Government of China is believed to give tolerance to bank loans exceeded the target this year is pegged at U.S. $ 1.1 trillion (7.5 trillion yuan), following the country’s economic weakness.
“The government is likely to give space for extra credit. The chances are 60% due to the growth momentum of recent months run a moderate, “said Glenn Maguire, an economist at Societe Generale SA in Hong Kong, told Bloomberg today.
China’s credit record up to 9.59 trillion yuan last year, boosting its rebound from the financial crisis. However, this condition is then triggered Prime Minister Wen Jiabao to tighten in order to overcome a number of risks to the economy and banking system. Signal weakening global economy even stronger and is expected to urge the government loosen policy.
Referring to central bank data, disbursement of new loans by local banks during the semester I/2010 reach the range of 5.3 trillion yuan. The details, loans denominated in yuan and foreign currencies for medium and long term tenor amounting to 4.02 trillion yuan.

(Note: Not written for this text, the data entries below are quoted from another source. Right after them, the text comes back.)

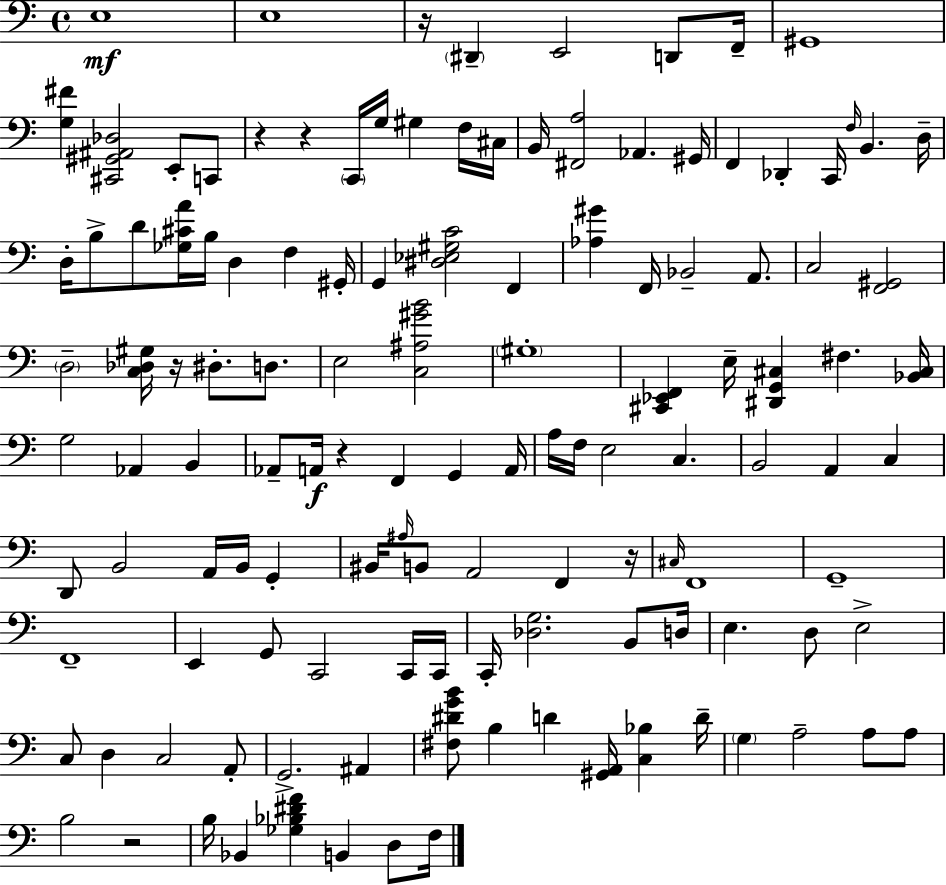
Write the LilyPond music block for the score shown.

{
  \clef bass
  \time 4/4
  \defaultTimeSignature
  \key c \major
  e1\mf | e1 | r16 \parenthesize dis,4-- e,2 d,8 f,16-- | gis,1 | \break <g fis'>4 <cis, gis, ais, des>2 e,8-. c,8 | r4 r4 \parenthesize c,16 g16 gis4 f16 cis16 | b,16 <fis, a>2 aes,4. gis,16 | f,4 des,4-. c,16 \grace { f16 } b,4. | \break d16-- d16-. b8-> d'8 <ges cis' a'>16 b16 d4 f4 | gis,16-. g,4 <dis ees gis c'>2 f,4 | <aes gis'>4 f,16 bes,2-- a,8. | c2 <f, gis,>2 | \break \parenthesize d2-- <c des gis>16 r16 dis8.-. d8. | e2 <c ais gis' b'>2 | \parenthesize gis1-. | <cis, ees, f,>4 e16-- <dis, g, cis>4 fis4. | \break <bes, cis>16 g2 aes,4 b,4 | aes,8-- a,16\f r4 f,4 g,4 | a,16 a16 f16 e2 c4. | b,2 a,4 c4 | \break d,8 b,2 a,16 b,16 g,4-. | bis,16 \grace { ais16 } b,8 a,2 f,4 | r16 \grace { cis16 } f,1 | g,1-- | \break f,1-- | e,4 g,8 c,2 | c,16 c,16 c,16-. <des g>2. | b,8 d16 e4. d8 e2-> | \break c8 d4 c2 | a,8-. g,2.-> ais,4 | <fis dis' g' b'>8 b4 d'4 <gis, a,>16 <c bes>4 | d'16-- \parenthesize g4 a2-- a8 | \break a8 b2 r2 | b16 bes,4 <ges bes dis' f'>4 b,4 | d8 f16 \bar "|."
}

This figure increased by 37.6% on an annual basis, down 7.1% from last quarter’s position I. “Credit yuan and foreign currency short tenor reached 1.33 trillion, down 2.4 trillion when compared with the same period last year,” wrote the central bank statistics quoted from the official website Business.
Per sector, property loans during the first half reached 1.38 trillion, down 4.1% from the end of the quarter, an increase of 40.2% compared with same period in 2009. Consumer credit to 1.12 trillion while the infrastructure sector, 1.03 trillion, up 24.7% on an annual basis.
The IMF noted illiquid assets and liabilities as of March 2010 China’s banking sector reached 41.1%, 1.4% share of bad loans, provision of 170.2%. In addition, until late last year, CAR was recorded 11.4%, Tier 1 Capital 8.6%, 24.6% ROE, and ROA 1.4%.